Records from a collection
###
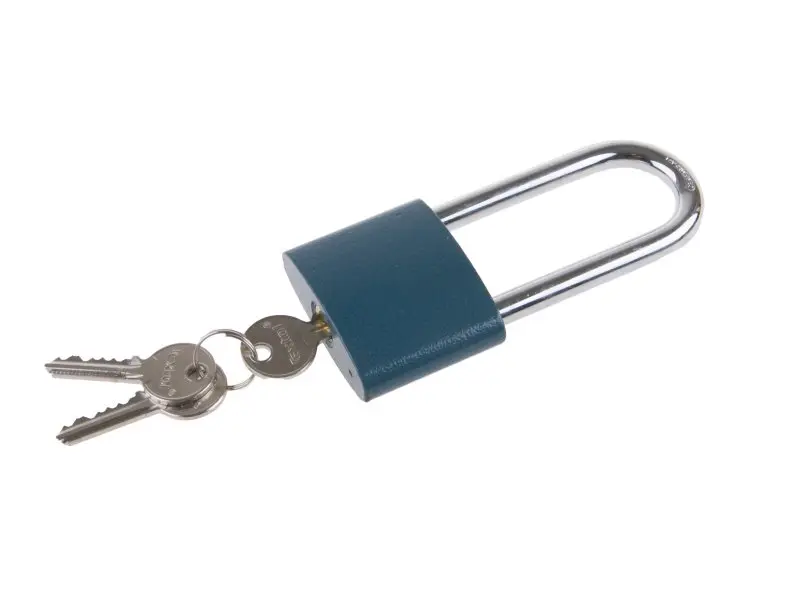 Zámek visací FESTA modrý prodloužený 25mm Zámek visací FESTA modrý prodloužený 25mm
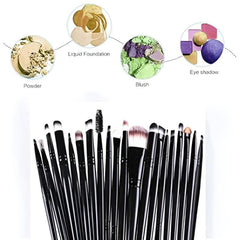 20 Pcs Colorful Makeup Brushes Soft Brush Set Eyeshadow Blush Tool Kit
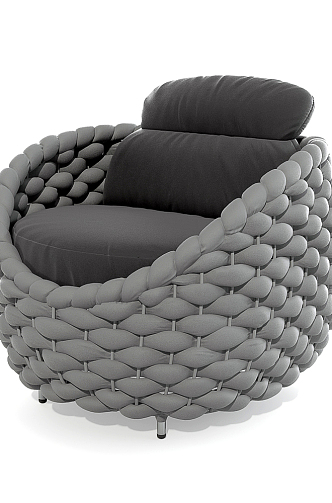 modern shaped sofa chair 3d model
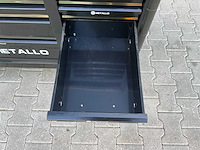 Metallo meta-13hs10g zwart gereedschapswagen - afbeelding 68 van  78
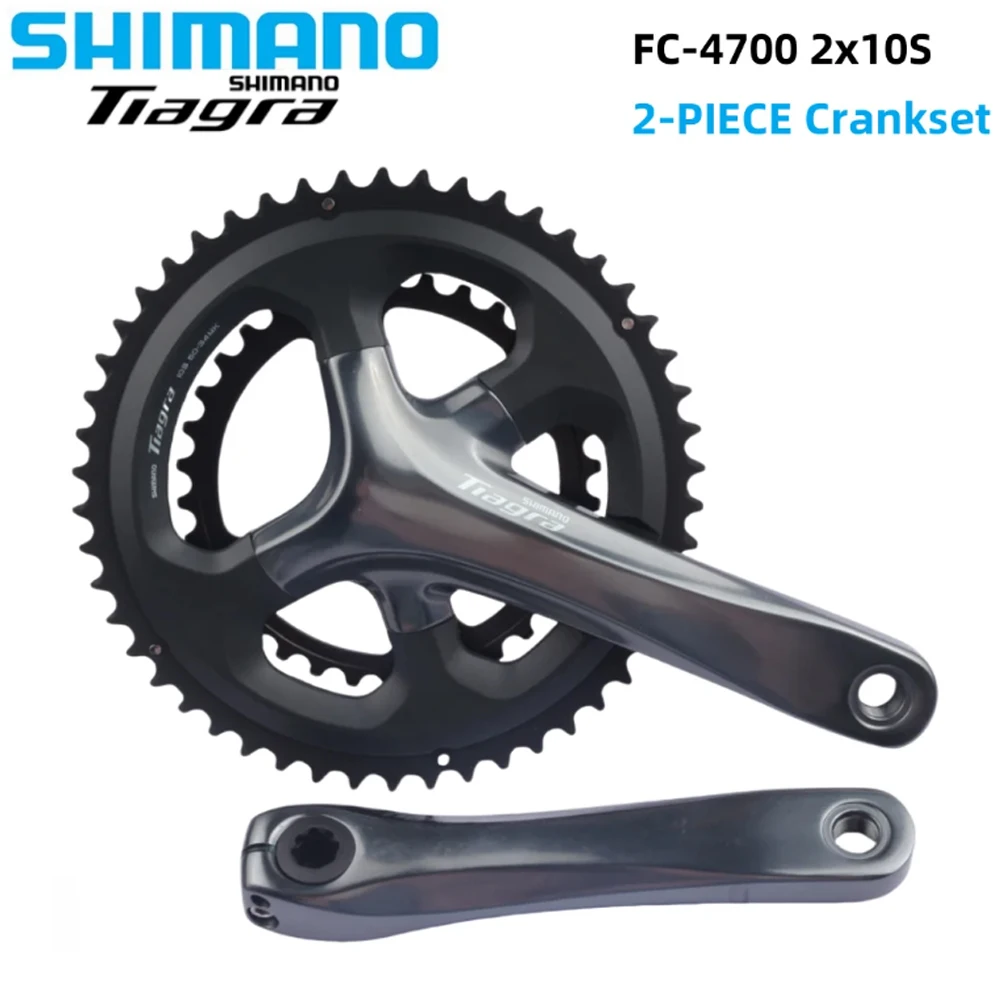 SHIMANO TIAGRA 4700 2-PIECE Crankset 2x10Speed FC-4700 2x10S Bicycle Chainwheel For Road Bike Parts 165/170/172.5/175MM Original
###
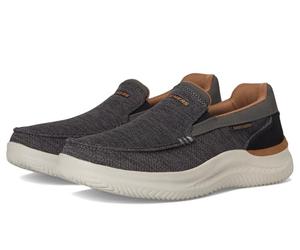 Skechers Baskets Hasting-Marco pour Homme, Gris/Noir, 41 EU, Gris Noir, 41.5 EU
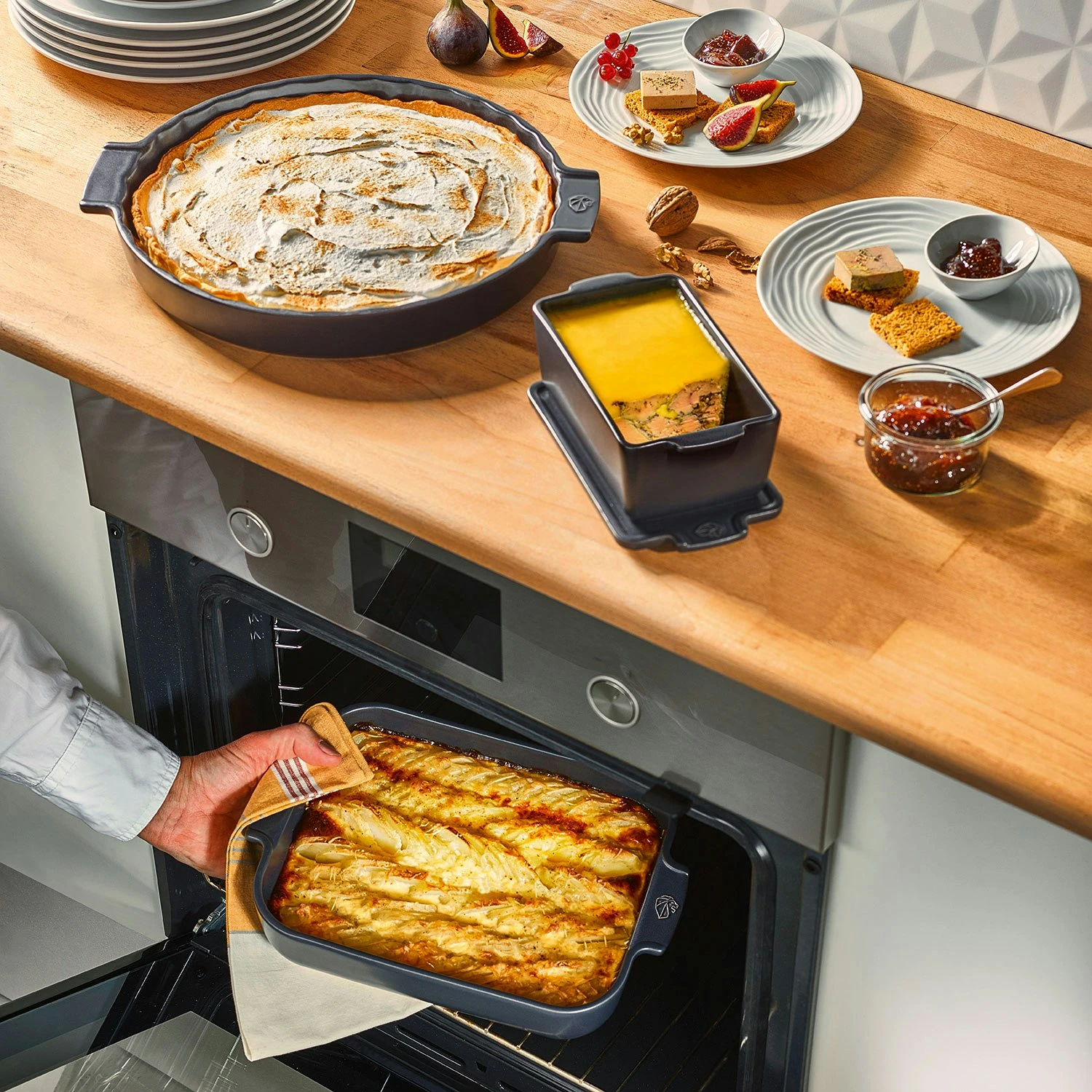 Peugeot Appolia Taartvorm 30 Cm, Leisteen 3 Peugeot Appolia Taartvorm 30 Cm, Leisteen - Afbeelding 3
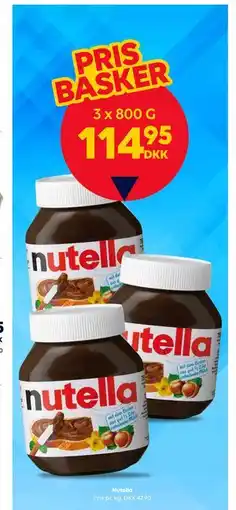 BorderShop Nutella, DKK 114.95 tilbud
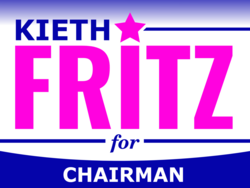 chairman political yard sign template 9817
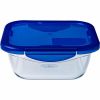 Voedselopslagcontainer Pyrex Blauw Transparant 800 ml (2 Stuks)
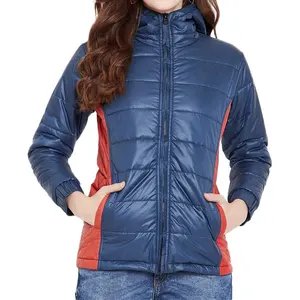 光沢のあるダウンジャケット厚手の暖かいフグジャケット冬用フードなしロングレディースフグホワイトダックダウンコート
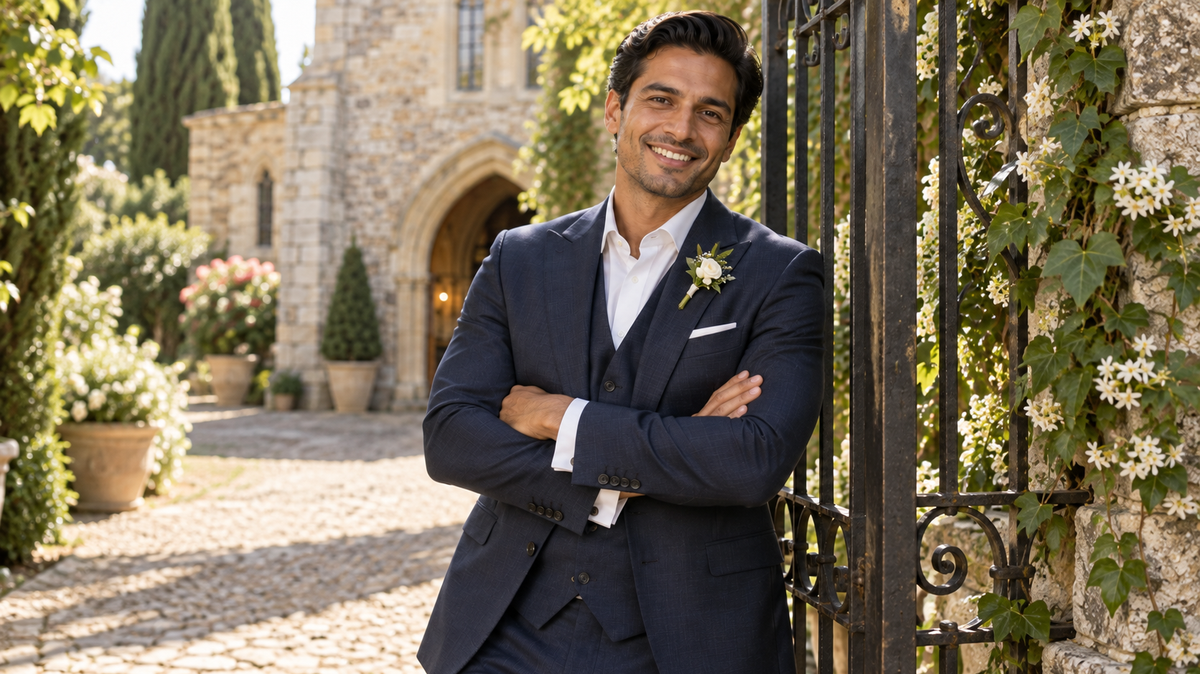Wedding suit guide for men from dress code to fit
###
**Your goal**
Reproduce exactly the lines of the data above that run from the line with "chairman political yard sign template 9817" down to the line with "Wedding suit guide", both ends included. Pictures do not belong in the copy.

**Your solution**
 chairman political yard sign template 9817
 Voedselopslagcontainer Pyrex Blauw Transparant 800 ml (2 Stuks)
 光沢のあるダウンジャケット厚手の暖かいフグジャケット冬用フードなしロングレディースフグホワイトダックダウンコート
Wedding suit guide for men from dress code to fit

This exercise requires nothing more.